> What data structure has a more efficient access pattern? The depends on wh...

Retric · on Jan 25, 2011

Your making some major assumptions. Big O is great when dealing with large data sets but beware the K.

Deleting random elements from a linked list is an O(n) operation because you need to find the element(s). They also waste a fair amount of memory.

Determining whether a value is an element of a set is an O(Log(N)) operation on an ordered array. And faster than a self-balancing tree because of cash locality issues.

Small Hash tables are slower than arrays because of that hash function. (I love Hash Tables but they make a poor default choice.) Edit: Set operations where not what I would call an "access pattern," but it's a valid point.

PS: Buffers and Bitmaps are both well suited to an array. You can't use an self-balancing tree in a hard real time system. And so it goes, when arrays don't suit your needs there are great options, but they are less common than you might think.
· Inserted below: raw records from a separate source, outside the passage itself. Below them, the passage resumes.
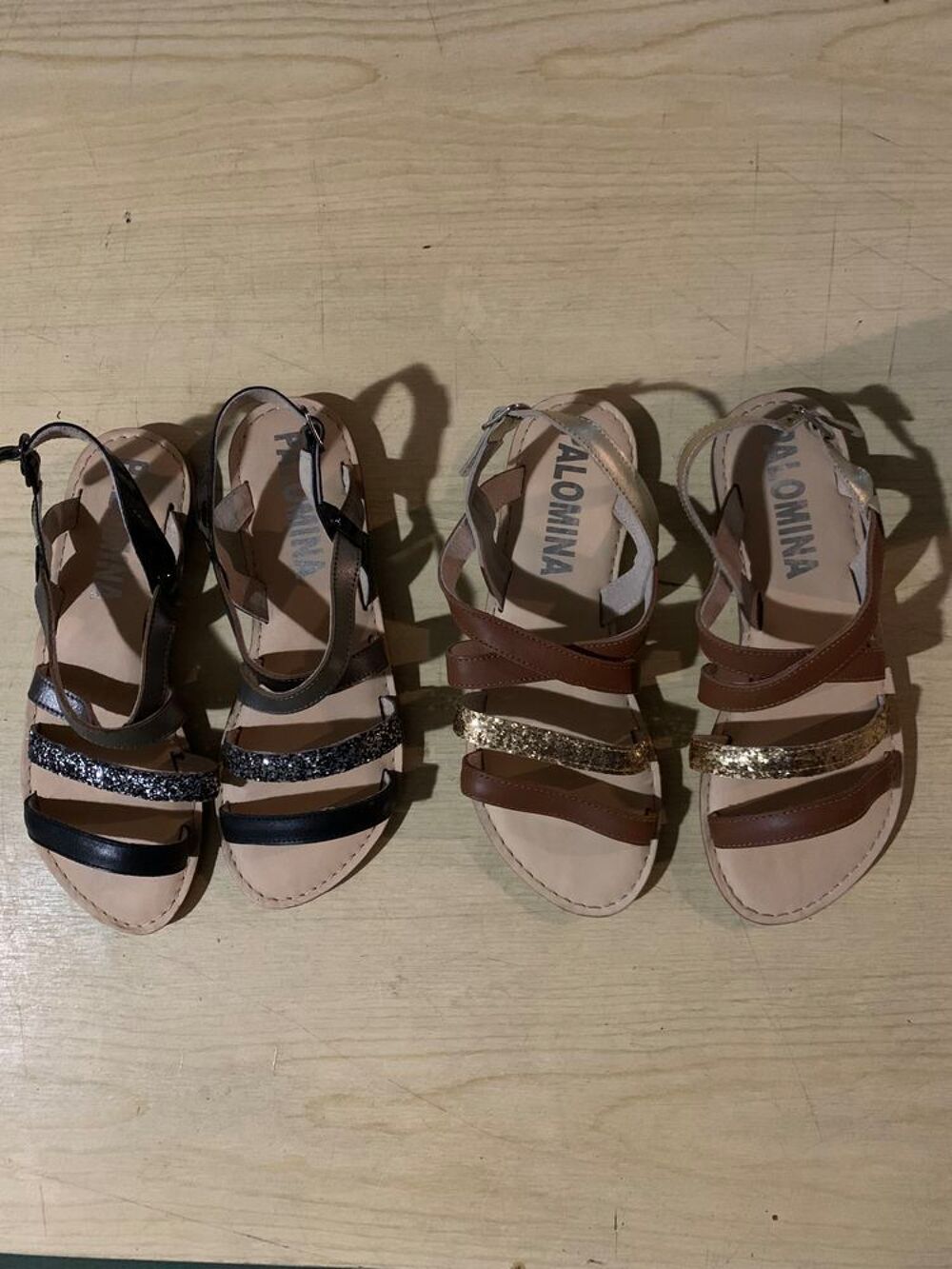 Sandales femme (&eacute;t&eacute; ) Chaussures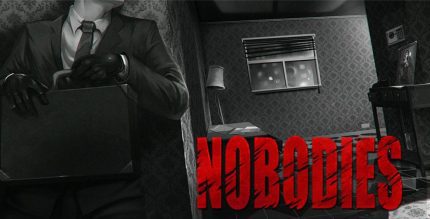 nobodies android cover
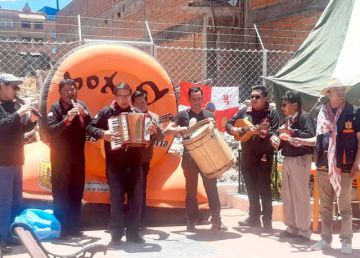 Actividades relevan aniversario de la declaratoria de Potosí como patrimonio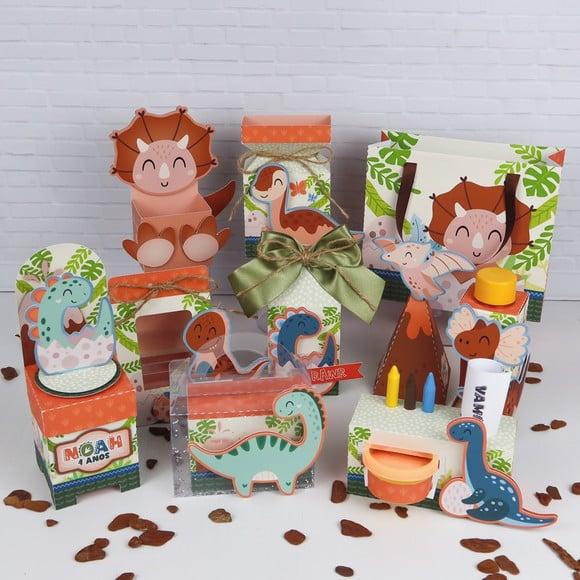 Arquivo de Corte Kit Dinossauros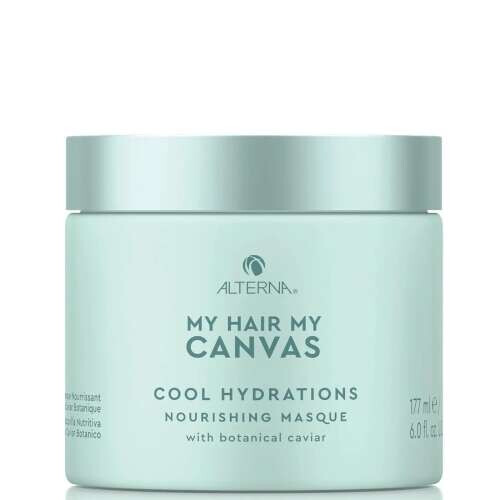 My Hair My Canvas Cool Hydrations Nourishing Masque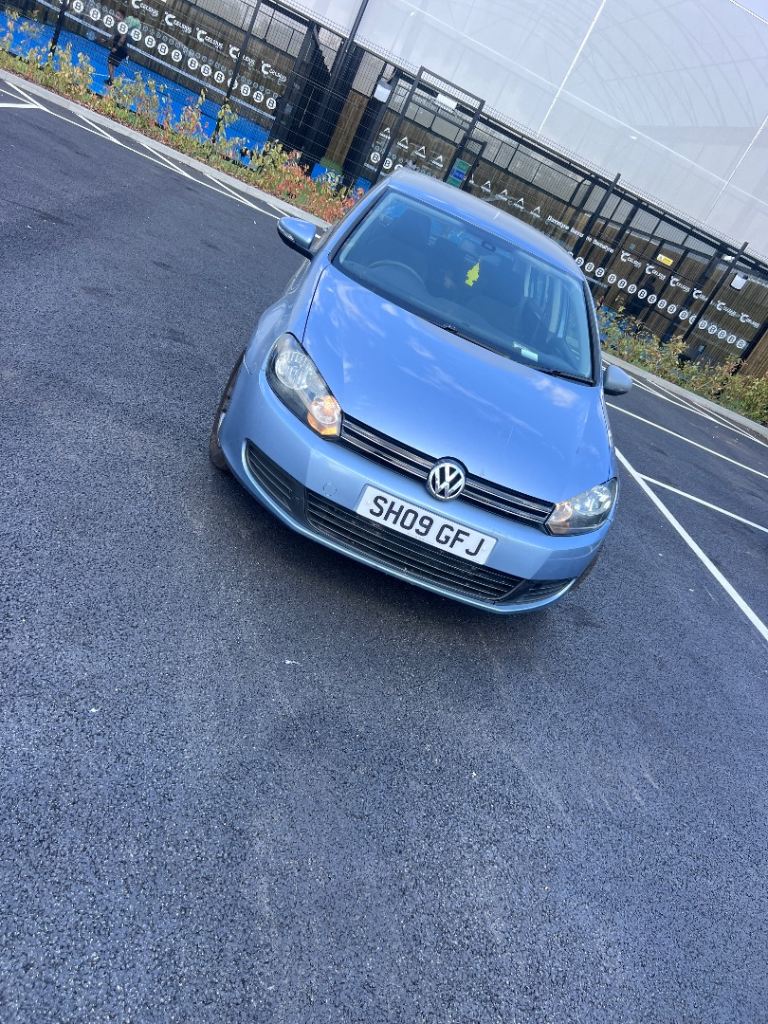 Volkswagen, GOLF, Hatchback, 2009, Semi-Auto, 1390 (cc), 5 doors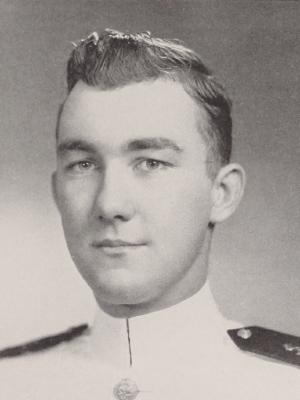 CDR ALBERT D. MCFALL, USN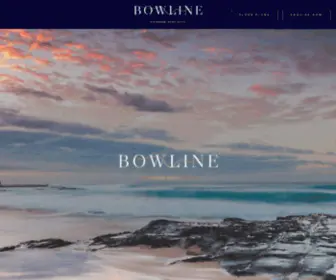 Bowlinewickham.com.au(Bowline) Screenshot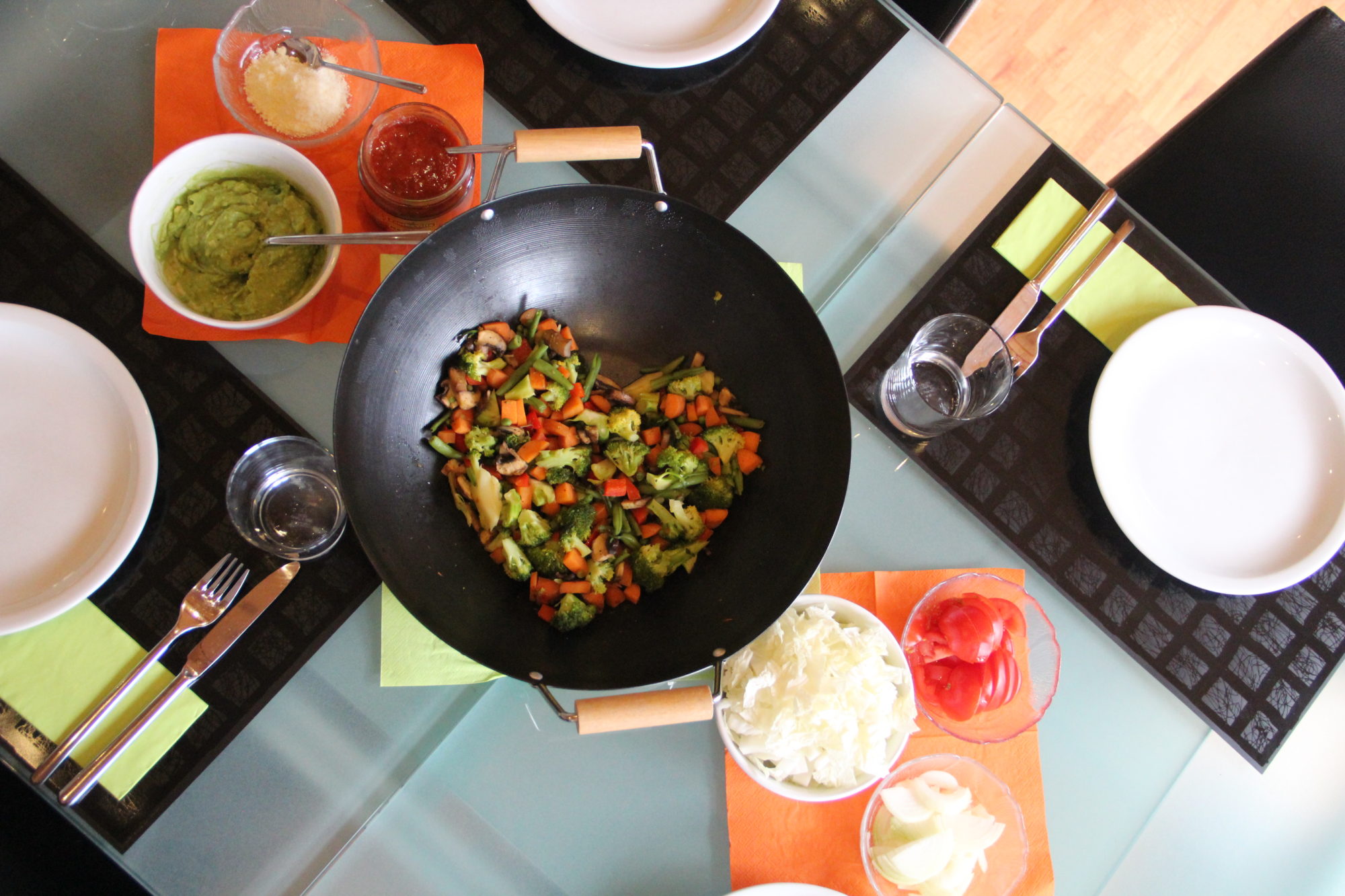 Fajitas Tortillas vegan zero waste Fajitas Tortillas vegan zero waste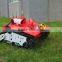 Firefighting climbing robot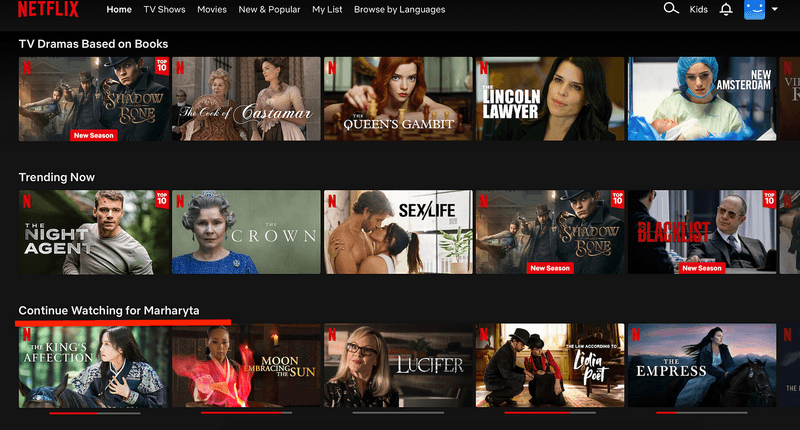 Netflix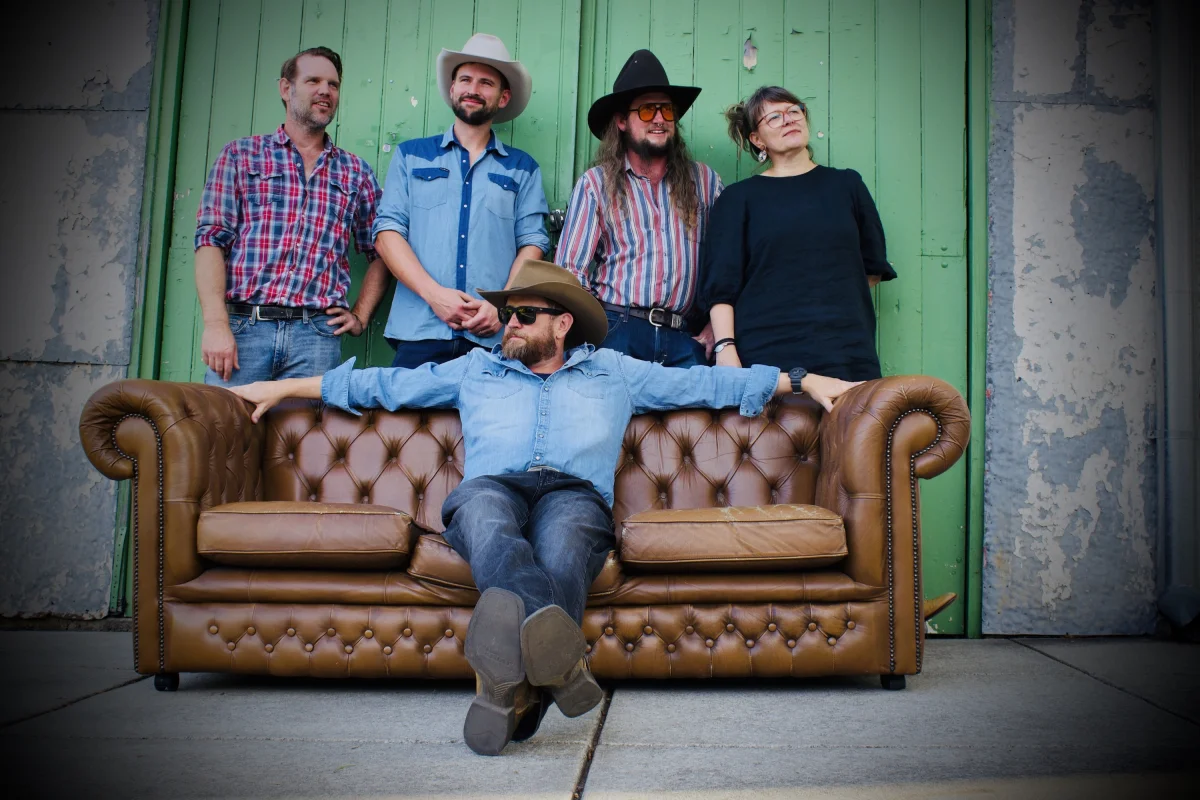 Damn'd Sam & The Preachers, Saturday Band at Rattlers Saloon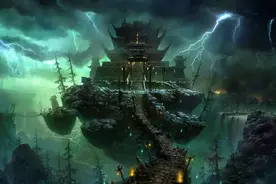 在完美世界的修炼体系中，仙古法和今世法两种体系的分别图片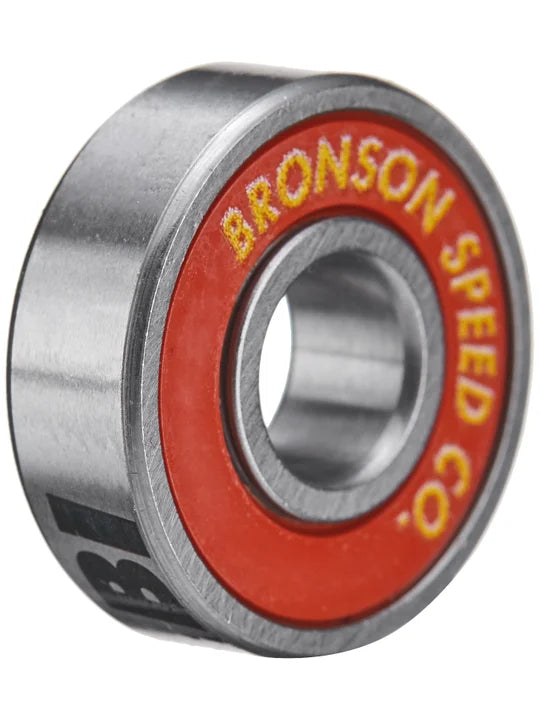 Bronson G3 Fabiana Delfino Bearings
Chris_Newton · on Jan 25, 2011

> Big O is great when dealing with large data sets but beware the K.

Sure, you always have to be careful of the constant factor in reality. That's why I noted that arrays will typically lose out to alternatives like trees and hash tables unless you are working with very small numbers of elements.

Still, logarithmic beats linear very quickly as the amount of data increases. Consider that 2^10=1024, so by the time you have 1,000 or so elements to consider, you need a k that is about two orders of magnitude better for a linear scan to beat a binary tree.

For hash tables, it mostly comes down to how long it takes to compute the hash function, which in general should be a constant factor itself.

> Deleting random elements from a linked list is an O(n) operation because you need to find the element(s).

Why would you want to delete a random element? You're moving the goalposts.

If you really did need that functionality, then a simple linked list wouldn't be the data structure you wanted. Use the right tool for the job instead.

> They also waste a fair amount of memory.

They "waste" a small number of pointer-sized chunks for each element. If you have so much data that this might matter, you're probably running on hardware with silly specifications so it doesn't and/or using a different approach to scaling anyway.

> Determining whether a value is an element of a set is an O(Log(N)) operation on an ordered array.

Sure it is, after you've done your O(nlogn) sort. You're moving the goalposts again.

> And faster than a self-balancing tree because of cash locality issues.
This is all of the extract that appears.